On the surface, Kill Bill presents postfeminist and postmodern messages and aesthetics. The films’ visual elements establish a nostalgic, fragmented, intertextual, and non-linear spectacle of female-bodied power that seemingly celebrates multiculturalism. In doing so, the films stray from typical expectations of hegemonic femininity. The lead female-bodied characters are unflinchingly brutal as they engage in human death and destruction. By enabling the performance of transgression and gender deviance, these visuals serve to distract viewers from more restrictive patriarchal ideologies embedded within the texts. Postfeminism is markedly different than postmodernism, but the postmodern aesthetics in the Kill Bill films undermine the potential feminist and postfeminist messages. Specifically, women’s power and strength proclaimed in feminism and postfeminism are essentially mocked with excess and spectacle vis-à-vis the excessive carnage, use of Japanese anime and characters’ impossible feats defying gravity and the laws of physics. Ultimately, the films convey modern, patriarchal ideologies enshrouded in postfeminist and postmodern glitter.
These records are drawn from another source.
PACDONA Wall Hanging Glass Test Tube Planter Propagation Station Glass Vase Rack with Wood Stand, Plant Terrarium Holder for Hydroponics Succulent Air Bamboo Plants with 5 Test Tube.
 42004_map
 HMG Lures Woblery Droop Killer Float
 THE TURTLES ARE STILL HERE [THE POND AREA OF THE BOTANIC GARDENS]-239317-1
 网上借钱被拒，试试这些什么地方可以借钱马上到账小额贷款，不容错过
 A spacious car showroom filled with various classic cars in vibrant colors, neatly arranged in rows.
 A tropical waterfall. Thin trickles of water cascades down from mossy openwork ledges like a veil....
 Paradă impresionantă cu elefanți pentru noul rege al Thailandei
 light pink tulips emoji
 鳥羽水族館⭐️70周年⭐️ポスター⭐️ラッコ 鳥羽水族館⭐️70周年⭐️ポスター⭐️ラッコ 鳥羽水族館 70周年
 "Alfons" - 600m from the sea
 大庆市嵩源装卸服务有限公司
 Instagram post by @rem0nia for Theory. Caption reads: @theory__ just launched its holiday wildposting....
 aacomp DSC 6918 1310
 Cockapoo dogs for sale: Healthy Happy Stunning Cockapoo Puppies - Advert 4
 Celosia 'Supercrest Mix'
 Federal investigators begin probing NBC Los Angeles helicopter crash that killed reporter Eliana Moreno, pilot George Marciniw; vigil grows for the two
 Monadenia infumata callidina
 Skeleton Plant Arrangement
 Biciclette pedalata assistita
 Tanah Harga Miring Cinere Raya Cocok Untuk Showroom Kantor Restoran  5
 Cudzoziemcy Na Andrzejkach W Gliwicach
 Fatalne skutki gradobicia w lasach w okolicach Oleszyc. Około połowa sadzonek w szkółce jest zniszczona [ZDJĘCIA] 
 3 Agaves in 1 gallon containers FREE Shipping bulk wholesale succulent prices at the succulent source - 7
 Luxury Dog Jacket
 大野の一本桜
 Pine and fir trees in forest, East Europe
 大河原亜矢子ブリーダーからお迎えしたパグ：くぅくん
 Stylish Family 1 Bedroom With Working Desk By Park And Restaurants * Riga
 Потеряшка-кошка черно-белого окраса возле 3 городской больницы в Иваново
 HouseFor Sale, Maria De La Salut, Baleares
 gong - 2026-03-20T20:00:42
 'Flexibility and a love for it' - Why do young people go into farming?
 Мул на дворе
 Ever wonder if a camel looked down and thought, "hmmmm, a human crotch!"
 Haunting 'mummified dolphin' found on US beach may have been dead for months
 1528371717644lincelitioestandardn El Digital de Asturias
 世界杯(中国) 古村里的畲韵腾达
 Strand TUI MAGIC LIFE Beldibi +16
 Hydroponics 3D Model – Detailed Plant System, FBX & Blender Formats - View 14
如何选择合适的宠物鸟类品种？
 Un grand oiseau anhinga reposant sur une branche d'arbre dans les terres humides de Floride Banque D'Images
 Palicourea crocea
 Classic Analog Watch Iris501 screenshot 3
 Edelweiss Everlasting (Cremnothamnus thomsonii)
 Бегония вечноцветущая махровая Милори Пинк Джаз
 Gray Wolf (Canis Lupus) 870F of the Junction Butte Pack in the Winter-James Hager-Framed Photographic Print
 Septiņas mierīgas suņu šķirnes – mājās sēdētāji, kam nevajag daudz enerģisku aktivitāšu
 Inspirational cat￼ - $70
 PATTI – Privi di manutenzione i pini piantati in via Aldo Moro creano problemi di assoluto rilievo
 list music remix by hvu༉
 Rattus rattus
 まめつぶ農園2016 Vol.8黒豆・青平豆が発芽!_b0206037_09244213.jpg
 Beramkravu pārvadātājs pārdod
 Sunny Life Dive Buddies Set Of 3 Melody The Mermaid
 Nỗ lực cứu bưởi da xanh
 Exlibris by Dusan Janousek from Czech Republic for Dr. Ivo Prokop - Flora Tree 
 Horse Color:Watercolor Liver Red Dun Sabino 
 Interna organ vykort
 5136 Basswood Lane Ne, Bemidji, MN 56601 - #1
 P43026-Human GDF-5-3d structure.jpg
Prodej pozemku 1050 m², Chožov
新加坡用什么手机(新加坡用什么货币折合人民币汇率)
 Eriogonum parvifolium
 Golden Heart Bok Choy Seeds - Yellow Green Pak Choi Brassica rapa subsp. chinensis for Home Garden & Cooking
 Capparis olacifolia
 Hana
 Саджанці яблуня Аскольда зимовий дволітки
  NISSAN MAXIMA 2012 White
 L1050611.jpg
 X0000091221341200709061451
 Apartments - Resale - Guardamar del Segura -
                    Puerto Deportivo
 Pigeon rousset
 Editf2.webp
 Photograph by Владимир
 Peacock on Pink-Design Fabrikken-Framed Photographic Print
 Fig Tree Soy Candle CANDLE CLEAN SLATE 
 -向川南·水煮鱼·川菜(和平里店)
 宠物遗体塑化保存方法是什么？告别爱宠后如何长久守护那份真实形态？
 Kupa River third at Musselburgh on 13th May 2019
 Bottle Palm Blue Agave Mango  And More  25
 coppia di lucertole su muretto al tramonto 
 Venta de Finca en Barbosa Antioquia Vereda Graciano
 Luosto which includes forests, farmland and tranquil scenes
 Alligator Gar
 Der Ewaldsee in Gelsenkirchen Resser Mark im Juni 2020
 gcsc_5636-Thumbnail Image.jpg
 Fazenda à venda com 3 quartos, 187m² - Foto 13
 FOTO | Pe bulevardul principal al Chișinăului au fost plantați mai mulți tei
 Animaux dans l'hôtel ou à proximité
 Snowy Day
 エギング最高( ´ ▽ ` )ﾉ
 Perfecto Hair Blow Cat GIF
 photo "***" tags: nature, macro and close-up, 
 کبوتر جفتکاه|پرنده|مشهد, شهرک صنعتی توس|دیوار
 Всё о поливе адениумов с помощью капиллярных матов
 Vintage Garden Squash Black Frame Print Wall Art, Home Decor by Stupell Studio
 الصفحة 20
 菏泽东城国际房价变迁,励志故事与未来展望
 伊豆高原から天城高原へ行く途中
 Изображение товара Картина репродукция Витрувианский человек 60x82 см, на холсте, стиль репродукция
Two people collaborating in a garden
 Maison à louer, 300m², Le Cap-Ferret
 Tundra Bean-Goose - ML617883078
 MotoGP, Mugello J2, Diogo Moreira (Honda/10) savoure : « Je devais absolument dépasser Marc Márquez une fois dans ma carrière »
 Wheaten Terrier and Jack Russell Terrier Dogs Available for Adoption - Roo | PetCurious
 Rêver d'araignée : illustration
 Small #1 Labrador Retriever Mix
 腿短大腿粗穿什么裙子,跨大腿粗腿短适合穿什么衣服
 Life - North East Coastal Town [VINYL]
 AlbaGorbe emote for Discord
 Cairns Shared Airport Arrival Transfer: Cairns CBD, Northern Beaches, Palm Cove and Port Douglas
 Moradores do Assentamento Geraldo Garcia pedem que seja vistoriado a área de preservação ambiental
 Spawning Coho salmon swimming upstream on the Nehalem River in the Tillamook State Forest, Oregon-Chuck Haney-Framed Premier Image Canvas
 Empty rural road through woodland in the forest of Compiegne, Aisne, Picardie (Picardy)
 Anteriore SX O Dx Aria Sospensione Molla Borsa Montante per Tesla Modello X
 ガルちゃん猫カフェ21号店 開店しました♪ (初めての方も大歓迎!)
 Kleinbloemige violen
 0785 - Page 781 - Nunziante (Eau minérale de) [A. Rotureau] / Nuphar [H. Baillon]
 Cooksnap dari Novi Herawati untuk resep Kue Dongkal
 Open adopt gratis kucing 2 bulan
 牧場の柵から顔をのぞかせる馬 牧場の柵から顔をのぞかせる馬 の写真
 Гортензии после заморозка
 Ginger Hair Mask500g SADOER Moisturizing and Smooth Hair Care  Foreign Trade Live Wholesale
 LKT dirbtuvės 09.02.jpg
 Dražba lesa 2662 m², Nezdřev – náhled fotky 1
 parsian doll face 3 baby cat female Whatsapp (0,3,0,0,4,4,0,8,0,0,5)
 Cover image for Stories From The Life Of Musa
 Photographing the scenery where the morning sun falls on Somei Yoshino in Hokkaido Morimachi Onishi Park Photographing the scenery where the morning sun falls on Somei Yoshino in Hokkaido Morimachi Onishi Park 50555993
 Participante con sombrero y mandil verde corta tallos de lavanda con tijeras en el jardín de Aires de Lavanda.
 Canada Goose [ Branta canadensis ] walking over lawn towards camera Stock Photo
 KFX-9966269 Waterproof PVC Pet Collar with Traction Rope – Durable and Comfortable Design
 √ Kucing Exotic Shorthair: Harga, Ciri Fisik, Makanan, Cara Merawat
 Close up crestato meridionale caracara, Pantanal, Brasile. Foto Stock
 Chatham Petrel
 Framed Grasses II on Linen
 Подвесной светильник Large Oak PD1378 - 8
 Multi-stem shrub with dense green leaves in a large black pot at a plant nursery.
Superficial Postfeminist Ideals
As a result of second wave feminists’ quest for women’s equality, “women are assuming lead roles in action narratives on a fairly regular basis” (Brown, 2015, p. 4; also see Jones, Bajec-Carter & Batchelor, 2014). We witness this ←25 | 26→increase beginning in 1979 with Ripley in the Alien series and continuing through contemporary texts; however, while many action movies incorporate one or two women who remain surrounded by male characters, the Kill Bill films are particularly rife with powerfully dangerous female-bodied characters. The members of DVAS include Beatrix Kiddo codename Black Mamba (Uma Thurman), Vernita Green codename Copperhead (Vivica A. Fox), Elle Driver codename California Mountain Snake (Daryl Hannah), and O-Ren Ishii codename Cottonmouth (Lucy Liu). Such prominence of leading female-bodied characters who are strong, capable, in control, and mirror typical male hero and villain behaviors clearly supports the idea that we live in a postfeminist era.